TASK REQUIREMENTS
Give the whole listing below once more, exactly, without pictures.

Segment Start: SUPPLIED ENTRIES

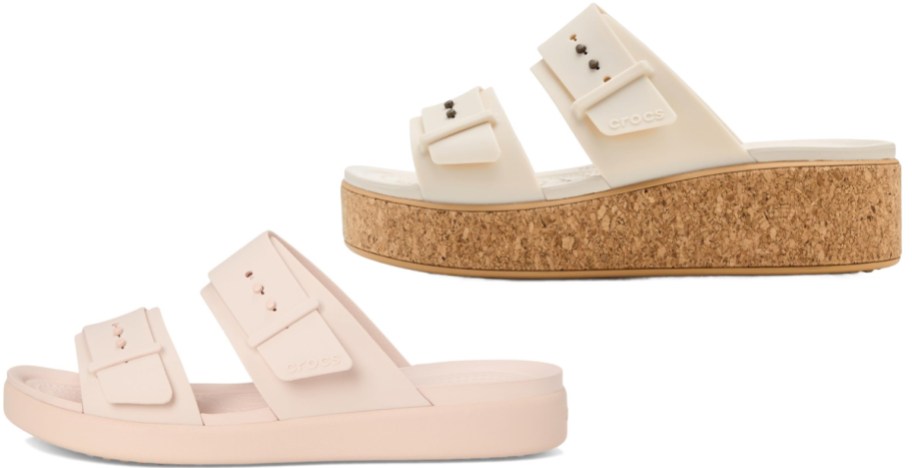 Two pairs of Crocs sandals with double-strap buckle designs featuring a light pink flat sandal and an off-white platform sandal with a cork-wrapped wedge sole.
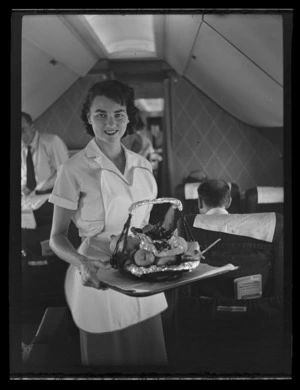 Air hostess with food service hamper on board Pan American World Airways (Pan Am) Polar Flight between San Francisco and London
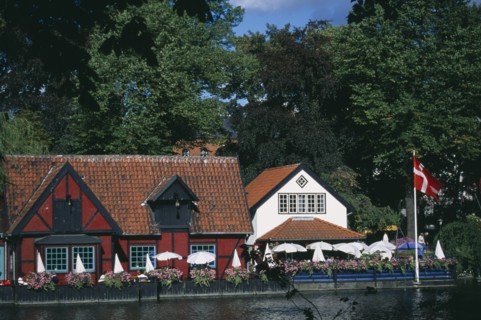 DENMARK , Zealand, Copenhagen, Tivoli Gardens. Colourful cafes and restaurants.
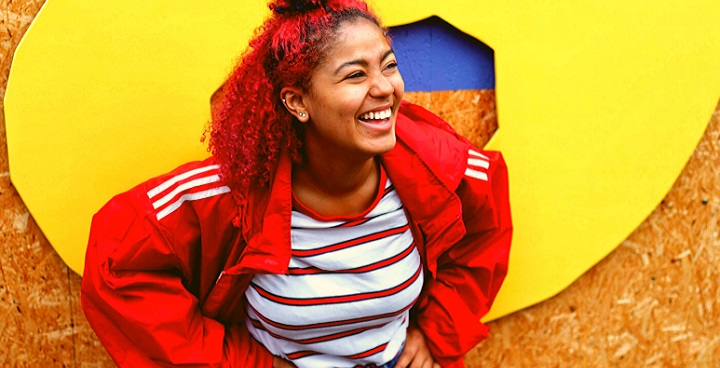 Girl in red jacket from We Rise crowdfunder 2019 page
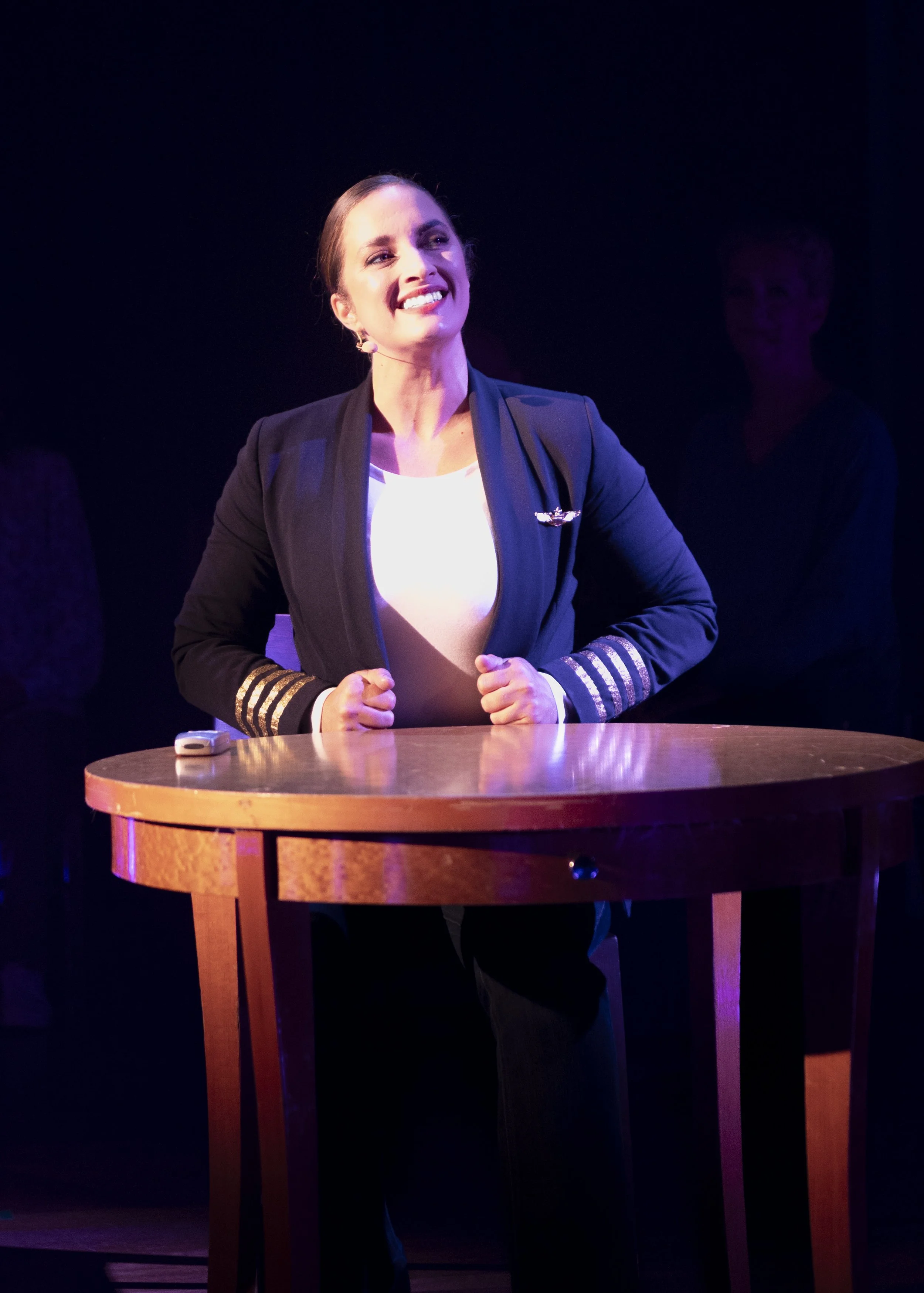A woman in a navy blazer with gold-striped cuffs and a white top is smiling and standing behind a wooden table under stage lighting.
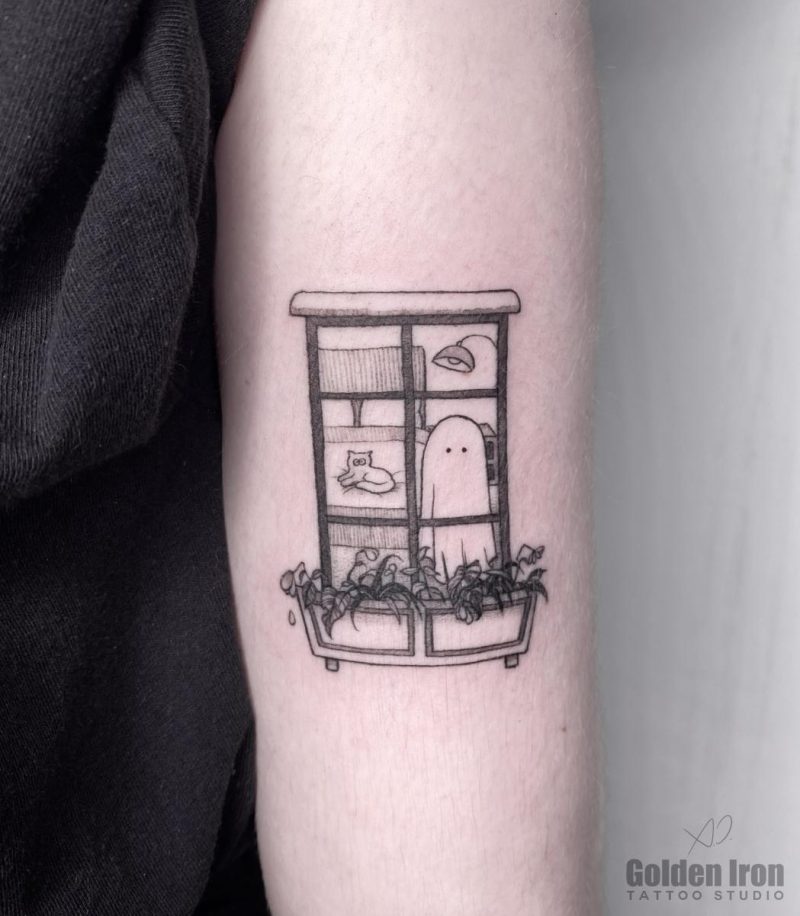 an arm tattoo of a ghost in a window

Segment End: SUPPLIED ENTRIES

RESPONSE TO THE EXERCISE
 Two pairs of Crocs sandals with double-strap buckle designs featuring a light pink flat sandal and an off-white platform sandal with a cork-wrapped wedge sole.
 Air hostess with food service hamper on board Pan American World Airways (Pan Am) Polar Flight between San Francisco and London
 DENMARK , Zealand, Copenhagen, Tivoli Gardens. Colourful cafes and restaurants.
 Girl in red jacket from We Rise crowdfunder 2019 page
A woman in a navy blazer with gold-striped cuffs and a white top is smiling and standing behind a wooden table under stage lighting.
 an arm tattoo of a ghost in a window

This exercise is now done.